3. In consideration of our services pursuant to this Agreement,
Consultant shall be entitled to receive, and the Company agrees to pay
Consultant, the following compensation:
a. Upon execution of this Agreement, the Company shall pay to
Consultant a cash fee in the amount of $10,000;
b. 250,000 shares (the "Shares") of common stock, par value
$.001 per share, of the Company; and
c. In addition to the compensation and expense reimbursement
referred to in clauses (a) and (b), above, the Consultant shall be entitled to
receive from the Company a "Transaction Fee," as a result of any Transaction (as
described below) between the Company and any other company, entity, person,
group or persons or other party which is introduced to, or put in contact with,
the Company by the Consultant. A "Transaction" shall mean merger, sale or stock,
sale of assets, consolidation, or other similar transaction or series or
combination of transactions whereby the Company or such other party transfer to
the other, or both transfer to a third entity or person, stock, assets, or any
interest in its business in exchange for stock, assets, securities, cash or
other valuable property or rights, or wherein they make a contribution of
capital or services to a joint venture, commonly owned enterprise or business
opportunity with the other for purposes of future business operations and
opportunities. To be a Transaction covered by this section, the transaction must
occur during the term of this Agreement or the one year period following the
expiration of this Agreement. The calculation of a Transaction Fee shall be
based upon the total value of the consideration, securities, property, business,
assets or other value given, paid, transferred or contributed by, or to, the
Company and shall be based on a Lehman fee, beginning at 5% of the first $1
million of dollar value of the Transaction and decreasing in 1% increments with
each million dollars or part thereof thereafter.

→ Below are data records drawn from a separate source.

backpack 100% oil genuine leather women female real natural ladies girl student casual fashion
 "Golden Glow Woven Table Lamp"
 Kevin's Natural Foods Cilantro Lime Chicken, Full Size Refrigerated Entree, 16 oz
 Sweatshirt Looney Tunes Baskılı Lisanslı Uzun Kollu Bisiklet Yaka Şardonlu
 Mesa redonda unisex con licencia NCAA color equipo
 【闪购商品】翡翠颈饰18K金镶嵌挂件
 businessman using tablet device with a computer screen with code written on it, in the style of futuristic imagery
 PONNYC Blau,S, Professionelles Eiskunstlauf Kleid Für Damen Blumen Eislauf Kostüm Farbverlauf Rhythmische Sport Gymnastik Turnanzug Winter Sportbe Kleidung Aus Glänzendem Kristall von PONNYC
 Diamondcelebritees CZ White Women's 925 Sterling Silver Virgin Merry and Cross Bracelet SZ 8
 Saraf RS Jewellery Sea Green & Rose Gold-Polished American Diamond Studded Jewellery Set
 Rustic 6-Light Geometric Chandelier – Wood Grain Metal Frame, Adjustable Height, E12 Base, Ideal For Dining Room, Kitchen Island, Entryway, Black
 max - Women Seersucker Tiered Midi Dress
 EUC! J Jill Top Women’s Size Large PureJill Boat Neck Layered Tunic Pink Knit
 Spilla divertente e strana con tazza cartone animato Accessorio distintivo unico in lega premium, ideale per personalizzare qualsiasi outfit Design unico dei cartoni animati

Such fee shall be paid by
certified funds at the closing of the Transaction.
4. In addition to the fees described in Paragraph 3 above, the Company
agrees to promptly reimburse Consultant, upon request from time to time, for all
out-of-pocket expenses incurred by Consultant (including fees and disbursements
of counsel, and of other consultants and advisors retained by Consultant) in
connection with the matters contemplated by this Agreement, provided, however,
that such expenses have been approved in advance by the Company and have been
approximately and accurately documented.
5. The Company agrees to indemnify Consultant in accordance with the
indemnification provisions (the "Indemnification Provisions") attached to this
Agreement, which Indemnification Provisions are incorporated herein and made a
part hereof.
6. The Company may terminate this Agreement at any time upon 30 days'
prior written notice, without liability or continuing obligation, except as set
forth in the following sentence. Neither termination of this Agreement nor
completion of the assignment contemplated hereby shall affect: (i) any
compensation earned by Consultant up to the date of termination of completion,
as the case may be, (ii) the reimbursement of expenses incurred by Consultant up
to the date of termination or completion, as the case may be, (iii) the
provisions of Paragraphs 3 through 16 of this Agreement and (v) the attached
Indemnification Provisions which are incorporated herein, all of which shall
remain operative and in full force and effect.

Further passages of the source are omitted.